Maybe if you expand the search to cover all the Classic Greek flavors of 'love'?


----------



## Jobis (Jun 13, 2013)

One of my favourite scenes in l'incoronazione di poppea, is the flirting and budding romance between Valetto and Damigella. Its such an inconsequential part of the opera, but I am always charmed by it.






at that timestamp 1:32:58

edit: It's not perhaps what you're looking for, a bit saucy, but there you go.


----------



## Crudblud (Dec 29, 2011)

Messiaen's _Turangalîla-Symphonie_, while I would be hard pressed to say that it is actually about or representative of anything, is apparently intended that way.


----------



## SONNET CLV (May 31, 2014)

Headphone Hermit said:


> A colleague suggested that whenever there is a romantic, joyful love scene in an opera, it is always a false dawn and there is tragedy lurking around the corner.
> 
> So .... are there any that are simply joyous celebrations of romantic love that spring to mind?


Of course, in dramatic terms, exactly what makes a _scène d'amour _worthy of a story (whether a novel, a play, an opera)_ is_ the very notion that something is going to destroy the bliss. Would we sit through a three hour presentation, regardless of how great the music is, if it was simply one wonderful love scene after another with no conflict in the plot? That's not drama. That's a Justin Bieber record.


----------



## amfortas (Jun 15, 2011)

SONNET CLV said:


> That's not drama. That's a Justin Bieber record.


Not that there's anything wrong with that.


----------



## SixFootScowl (Oct 17, 2011)

Beethoven's Fidelio has a happy ending as do Rossini's La Cenerentola and Bellini's La Sonnambula.


----------



## Headphone Hermit (Jan 8, 2014)

Aramis said:


> There are. Tchaikovsky's _Iolanta_, for example.
> 
> I suppose you mean non-comic operas and *only by romantic composer*? If we'd stretch it to later works, there is also _Gianni Schicchi_, _L'Amico Fritz_...
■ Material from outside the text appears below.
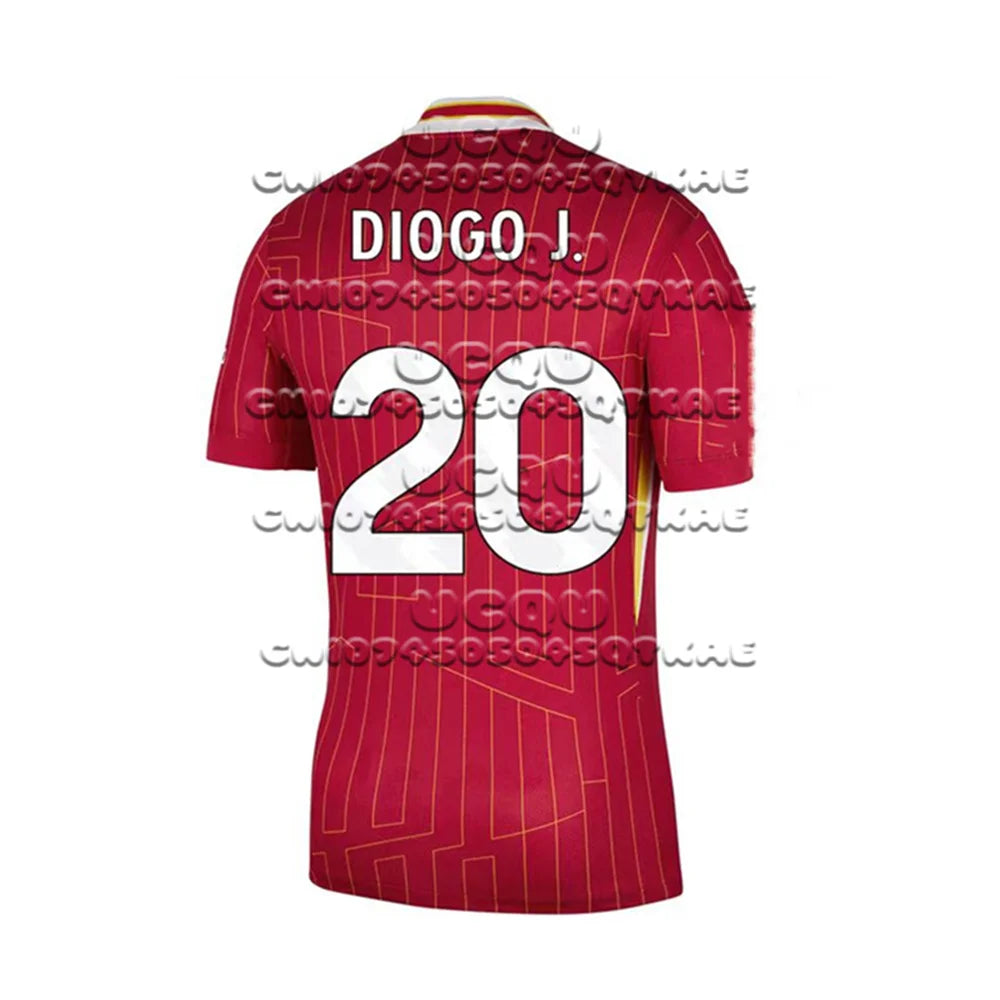 Diogo Jota Commemorative Football Jersey Jota Jersey Diogo No.20 Football Jersey Men's And Women's Kids T-shirt Fans Sports Tops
Nope! Not at all - any composer!


----------



## Headphone Hermit (Jan 8, 2014)

Ukko said:


> Maybe if you expand the search to cover all the Classic Greek flavors of 'love'?


Nope - won't satisfy my colleague - they want a Madelleine Bassett-type of aria (those who remember the Wooster stories will know who I mean!) - joy, happiness, satisfaction ..... all the type of stuff that isn't 'dramatic'


----------



## Xaltotun (Sep 3, 2010)

The moment that romantic love becomes non-problematic, it instantly becomes non-romantic and wanders into the realms of classicism, idyll and pastorale. Nothing wrong with that, but it's a very different thing.


----------



## Blancrocher (Jul 6, 2013)

Although they'll have a couple of problems early on, I'm confident that Fiordiligi and Ferrando will continue to deepen their love for each other and live happily ever after.


----------



## Headphone Hermit (Jan 8, 2014)

Xaltotun said:


> The moment that romantic love becomes non-problematic, it instantly becomes non-romantic and wanders into the realms of classicism, idyll and pastorale. Nothing wrong with that, but it's a very different thing.


My colleague is looking for examples of romantic love, not Romantic love. Any era of 'classical' music will do


----------



## Xaltotun (Sep 3, 2010)

Headphone Hermit said:


> My colleague is looking for examples of romantic love, not Romantic love. Any era of 'classical' music will do


Oh! Now I get it. But, you know, to me romantic is Romantic - there is no romantic unless it's Romantic. But to each his own!


----------



## Headphone Hermit (Jan 8, 2014)

Yup - the size of your Rs (careful how you say this :devil matters in this thread :lol:


----------



## SixFootScowl (Oct 17, 2011)

amfortas said:


> Difficult to find, since there's not a lot of drama in blissfully happy love. *Of course, many operas *end* on that upbeat note, but only after some tough struggles.*


Try Donizetti: L'Elisir D'Amore


----------



## Woodduck (Mar 17, 2014)

Well, when Kundry tries to come down on Parsifal in the enchanted garden he shoves her away and runs for his life, and in the final act settles for kissing her chastely on the forehead. If more love scenes were like that we'd have more happy endings. Might prevent some disasters in real life too.


----------



## Pugg (Aug 8, 2014)

Florestan said:


> Try Donizetti: L'Elisir D'Amore


How about La fille du régiment .


----------



## SixFootScowl (Oct 17, 2011)

Pugg said:


> How about La fille du régiment .


And that one we can get with Beverly Sills!


----------



## Sonata (Aug 7, 2010)

Florestan said:


> And that one we can get with Beverly Sills!


Happy indeed!


----------



## Orfeo (Nov 14, 2013)

Well, there are, for instances:


Rimsky-Korsakov's "May Night"
Carl Nielsen's "Masquerade"
Glinka's "Ruslan & Ludmilla"
Shebalin's "The Taming of the Shrew"


----------



## Sonata (Aug 7, 2010)

Florestan said:


> *Beethoven's Fidelio has a happy ending* as do Rossini's La Cenerentola and Bellini's La Sonnambula.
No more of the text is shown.